Quantico (Sundays at 10:00 on ABC)
Opposite in almost every way from it's lead-in, Quantico is also a ridiculous soap but with a ton of plot shoved into its pilot. An ensemble drama lead by Bollywood star Priyanka Chopra as Alex Parrish, Quantico follows a class of FBI agents-in-training at the famous but secretive Quantico academy. Flash forward months later, and one of Alex's classmates has committed the worst act of terrorism on American soil since 9/11.. and Alex is the agency's prime suspect.
The whole flashback/flashforward concept has been done to death as of late, most successfully probably over on ABC's biggest hit last season How to Get Away with Murder. It doesn't always work, but it creates a sense of urgency here. As we get to know each of the recruits, pieces of their individual puzzles fall into place and will provide clues to the perpetrator. It's a dense, overstuffed idea, if the pilot is any indication, but it's one that's thrilling and fun as well.
Like I said, there's a lot going on in Quantico's pilot.

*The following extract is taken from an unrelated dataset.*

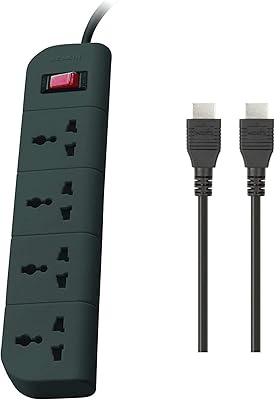 Belkin Essential Series 4-Socket Surge Protector Universal Socket with 5ft Heavy Duty Cable (Grey) & High Speed HDMI Cable...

Not only does the story exist in two different timelines, there's a slew of characters with backstories that are already being established through the inventive (but exposition-heavy) idea that each recruit's first test is to find out a secret about another recruit in their first 24 hours together. It gives us a lot of information, but it also immediately establishes motives and sympathies for each character. Shelby (Johanna Braddy, unREAL) lost both of her parents in one of the planes used on 9/11. Simon (Tate Ellington) is a devout Jew who spent months living in Gaza with Palestinians. And then there's the pilot's most insane development with Eric (Brian J. Smith), a former Mormon missionary. In the first two-thirds of the pilot, we are lead to believe he will be one of the core cast members we follow throughout the series, but in this faux interrogation scene... he steals a gun and commits suicide over his own secret. It's a shocking, ballsy move on the writers' behalf, and one that ups the stakes of the show: no one is above suspicion, no one is safe. It's a great moment, the one which solidified Quantico as my favorite new show thus far in the season. There's a lot of plot going on, and it's happening at breakneck speed, but even in its first hour, the show is taking risks. I admire that.
I also admire the skill of this huge cast. Chopra is radiant in the lead. I really don't know how else to describe her performance and her presence: she's got "it." That "it" that you always hear about it (The It Girl, The It Factor, whatever) is obvious in Chopra. She's confident, gorgeous, and playful. Her entire body is alive on camera, from her eyes to her fingertips. Something about her just pulls you in, and that's one of Quantico's biggest strengths: with a less charismatic and relatable lead, the story would feel even more laughably ridiculous than it already does. Josh Hopkins (Cougar Town) and Jake McLaughlin (Believe) are intriguing, mysterious leading men, and McLaughlin especially plays wells off of Chopra. There's not a weak link in the cast (though the most absurd plot point is probably that twins are operating as one person; if the FBI knows about the time Simon lived in Gaza, they know you have a twin sister, Nimah).
All in all, I can't think of many negatives in the pilot. Maybe it's a little too plot-heavy, and characters could have developed organically rather than in a slew of info-dumping scenes, but when your pilot is as exciting and fast-paced as Quantico is, I just don't care.